I had to do something very similar. Here's a solution in Python (it hasn't been tested very well):

def normalize(value, fdigits=2):
    """
    Convert a string representing a numerical value to value-digit/exponent form. 
    Round the fractional portion to the given number of digits.

    value    the value (string)
    fdigits  the number of digits to which to round the fractional 
             portion
    """

    # if empty string, return error
    if not value:
        return None

    # split value by decimal
    v = value.split('.')

    # if too many decimals, return error
    if len(v) > 2:
        return None

    # add empty string for fractional portion if missing
    elif len(v) == 1:
        v.append('')

    # assign whole and fractional portions
    (w, f) = v

    # pad fractional portion up to number of significant digits if necessary
    if len(f) < fdigits:
        f += ('0' * (fdigits - len(f)))

    # if the number of digits in the fractional portion exceeds the
    # number of digits allowed by fdigits
    elif len(f) > fdigits:
        # convert both portions to integers; use '0' for whole portion if missing
        (wi, fi) = (int(w or '0'), int(f[:fdigits]))

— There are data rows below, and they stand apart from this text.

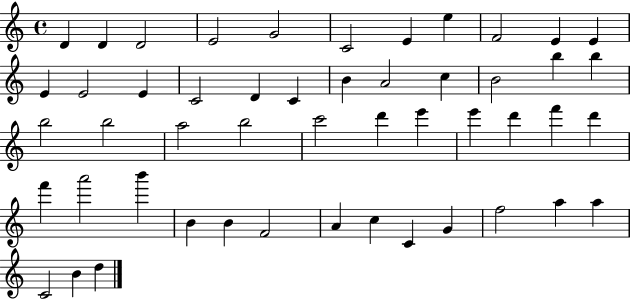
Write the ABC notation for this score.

X:1
T:Untitled
M:4/4
L:1/4
K:C
D D D2 E2 G2 C2 E e F2 E E E E2 E C2 D C B A2 c B2 b b b2 b2 a2 b2 c'2 d' e' e' d' f' d' f' a'2 b' B B F2 A c C G f2 a a C2 B d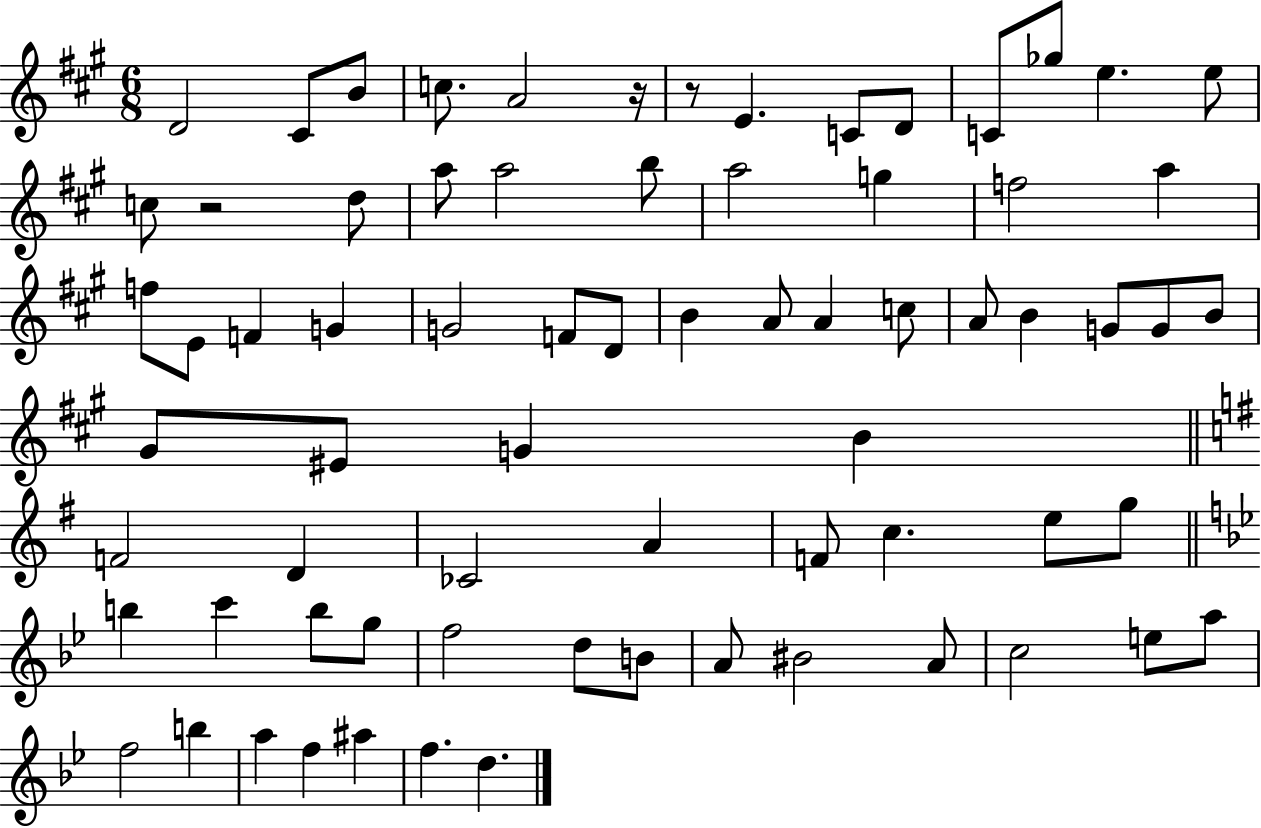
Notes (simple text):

D4/h C#4/e B4/e C5/e. A4/h R/s R/e E4/q. C4/e D4/e C4/e Gb5/e E5/q. E5/e C5/e R/h D5/e A5/e A5/h B5/e A5/h G5/q F5/h A5/q F5/e E4/e F4/q G4/q G4/h F4/e D4/e B4/q A4/e A4/q C5/e A4/e B4/q G4/e G4/e B4/e G#4/e EIS4/e G4/q B4/q F4/h D4/q CES4/h A4/q F4/e C5/q. E5/e G5/e B5/q C6/q B5/e G5/e F5/h D5/e B4/e A4/e BIS4/h A4/e C5/h E5/e A5/e F5/h B5/q A5/q F5/q A#5/q F5/q. D5/q.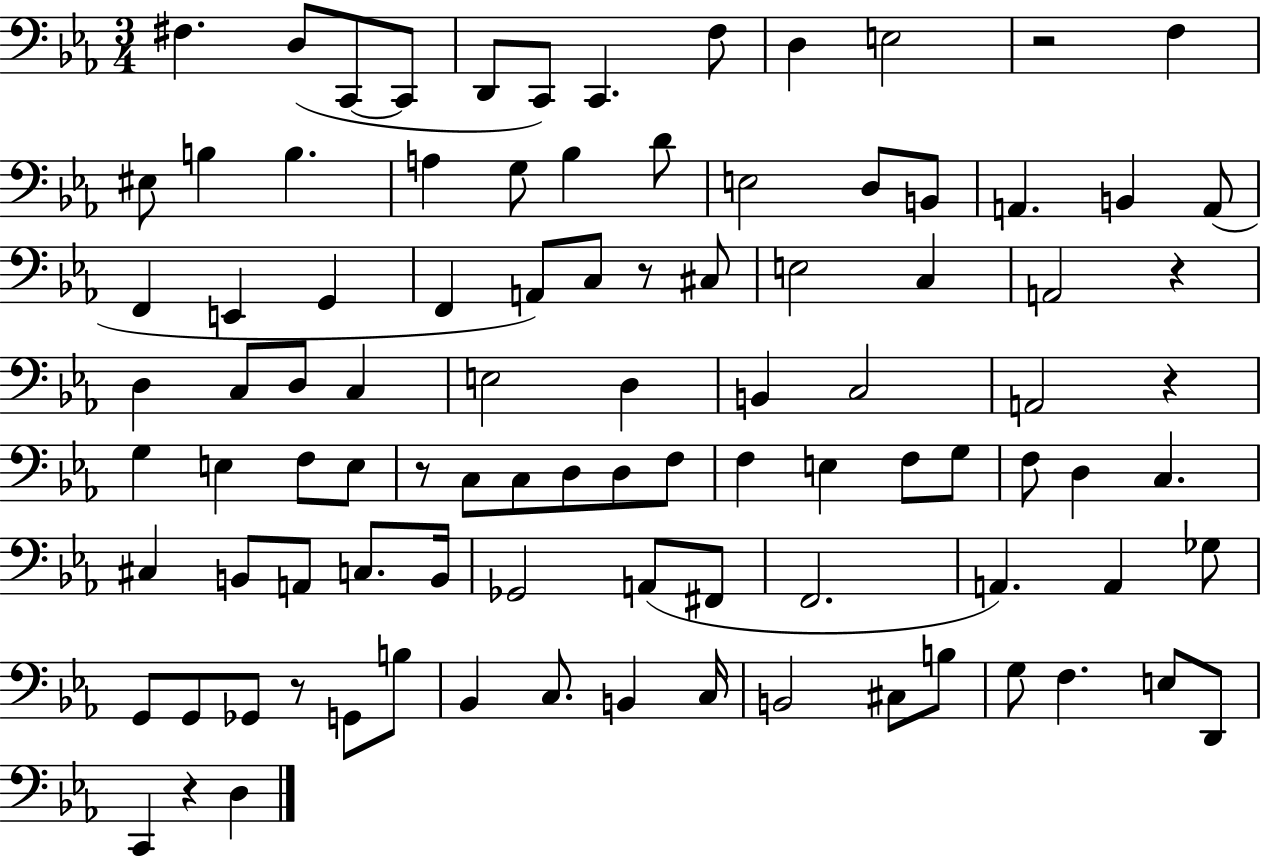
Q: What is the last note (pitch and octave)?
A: D3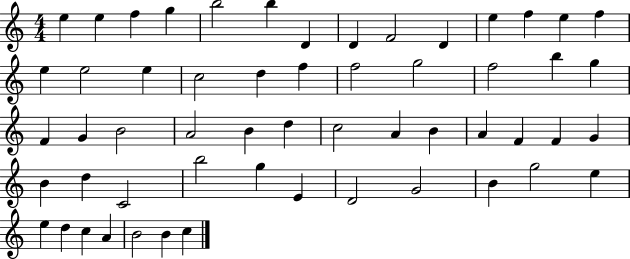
X:1
T:Untitled
M:4/4
L:1/4
K:C
e e f g b2 b D D F2 D e f e f e e2 e c2 d f f2 g2 f2 b g F G B2 A2 B d c2 A B A F F G B d C2 b2 g E D2 G2 B g2 e e d c A B2 B c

        # round up if first insignificant digit is gteq 5
        if int(f[fdigits]) >= 5:
            fi += 1

            # roll whole value up if fractional portion rounds to a whole
            if len(str(fi)) > fdigits:
                wi += 1
                fi = 0

        # replace the whole and fractional strings
        (w, f) = (str(wi), ("%0" + str(fdigits) + "d") % fi)

    # derive value digits and exponent
    n = w.lstrip() + f

    l = len(n)
    x = -fdigits

    n = n.rstrip('0')
    x += (l - len(n))

    # return value digits and exponent
    return (int(n), x)

Answer 2

Very simplistically (in C#):

        double size = 10.36;
        int power = 0;
        while (size != (int)size)
        {
            size *= 10.0;
            power--;
        }
        Console.WriteLine("{0} * 10 to the {1}", size, power);

Though I'm sure with a bit more thought a more elegant solution can be found.

This doesn't go the other way where you've got a large number (103600 say) and want to get the smallest value to some power (1036 * 10^2).

Answer 3

In general this is not possible since the fractional part of a double is stored in powers-of-2, and might or might not match powers-of-10.

For example: When looking at powers-of-2 vs powers-of-3: Just like 1/2 == 2^-1 == 5 * 10^-1 has a match, 1/3 == 3^-1 == ?? does not have a match.

However, you can approximate it.

It would have an answer if you would ask for powers-of-2. In that case you can just look at the double representation (see IEEE-754 here) and extract the right bits.